• **EXERCISE REQUIREMENTS**: Retype each line of the material exactly, please, skipping any picture in it.

• **AVAILABLE DATA**:

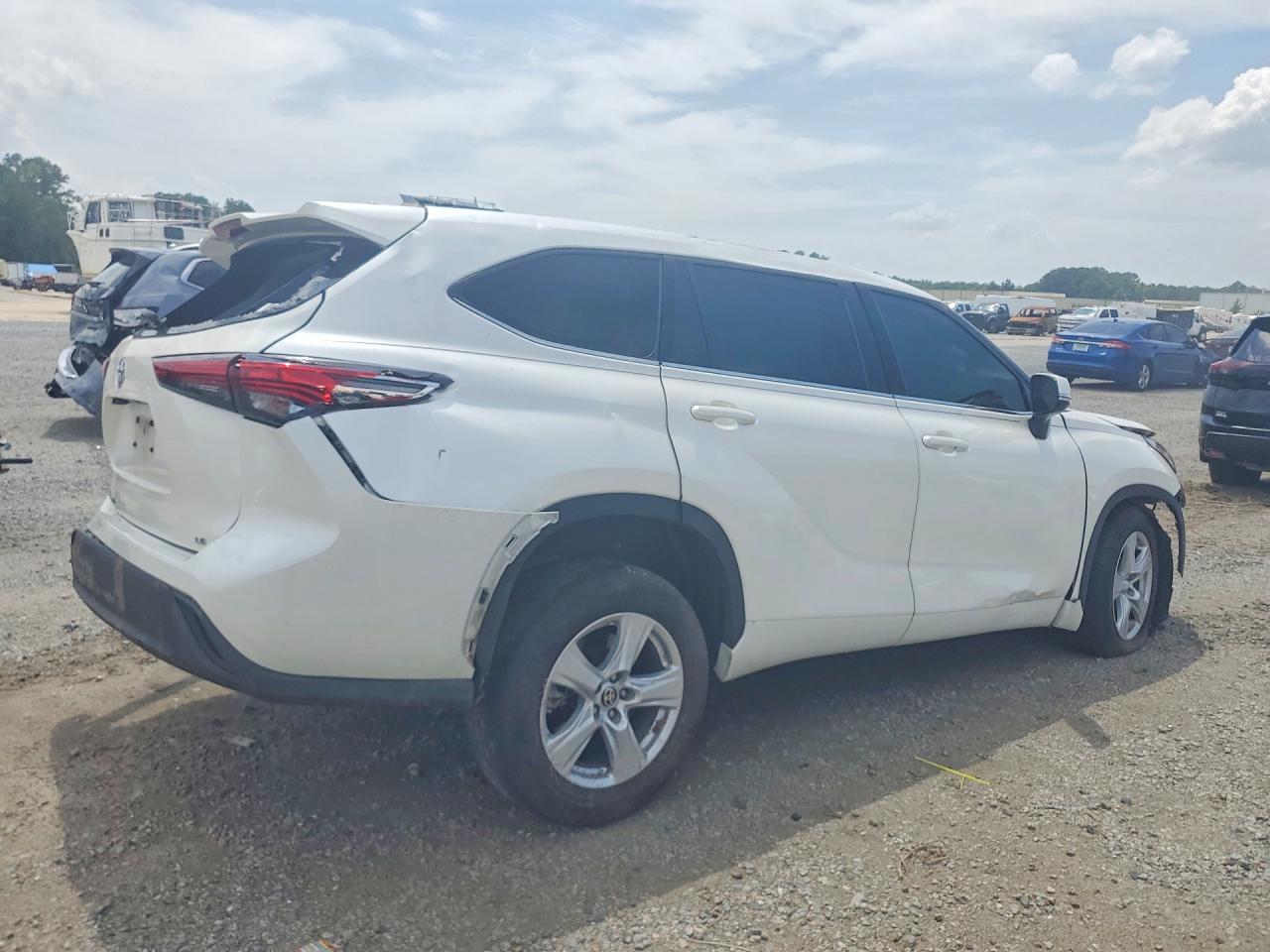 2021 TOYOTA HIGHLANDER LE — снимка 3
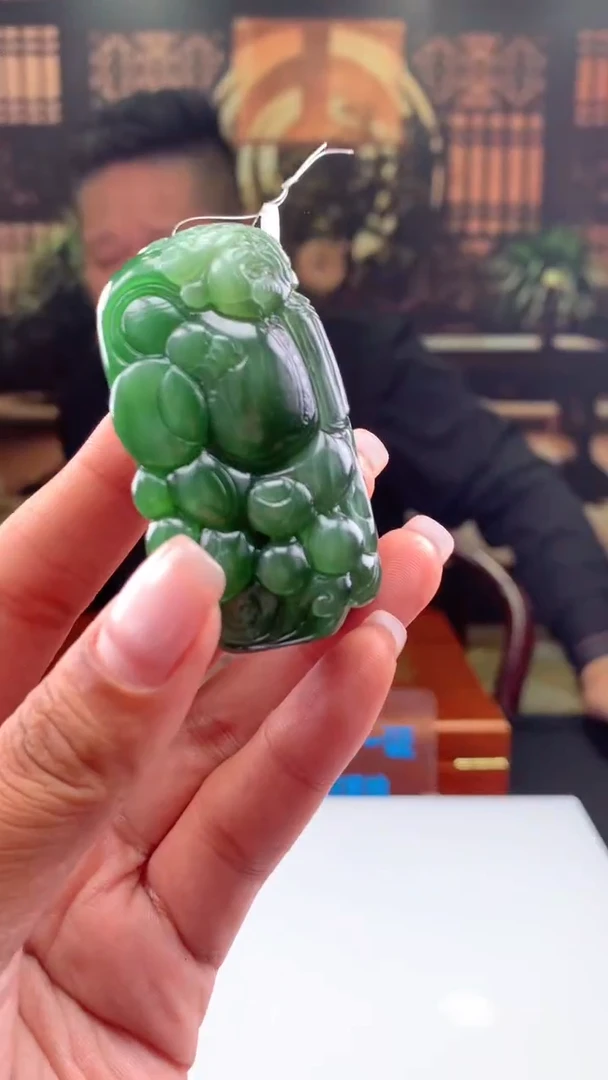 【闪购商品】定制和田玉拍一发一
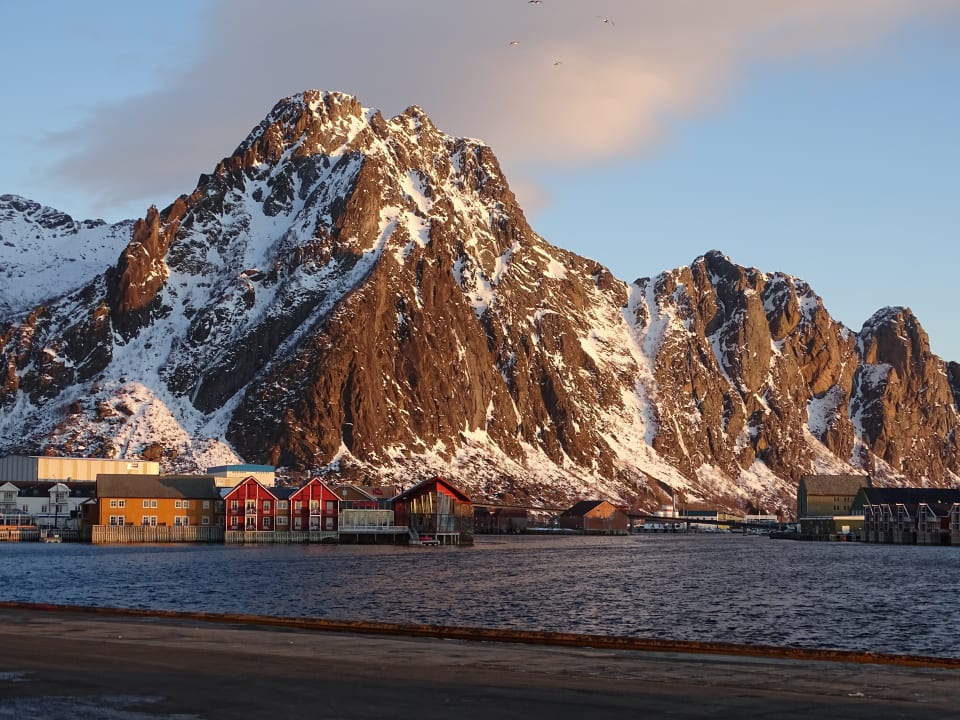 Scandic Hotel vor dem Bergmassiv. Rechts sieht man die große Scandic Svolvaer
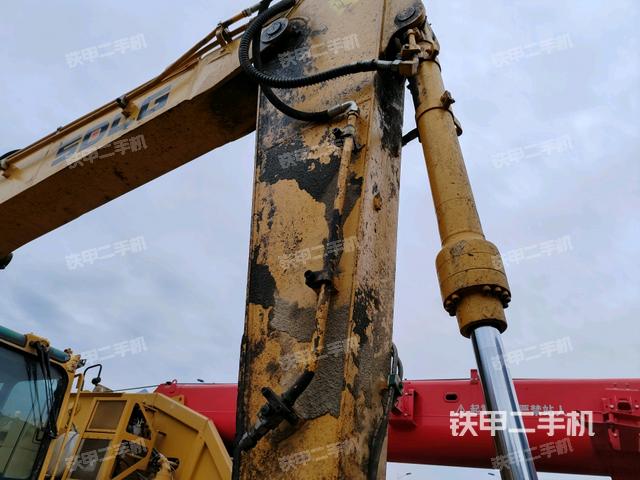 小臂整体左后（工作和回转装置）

• **YOUR RESPONSE**:
 2021 TOYOTA HIGHLANDER LE — снимка 3
 【闪购商品】定制和田玉拍一发一
 Scandic Hotel vor dem Bergmassiv. Rechts sieht man die große Scandic Svolvaer
 小臂整体左后（工作和回转装置）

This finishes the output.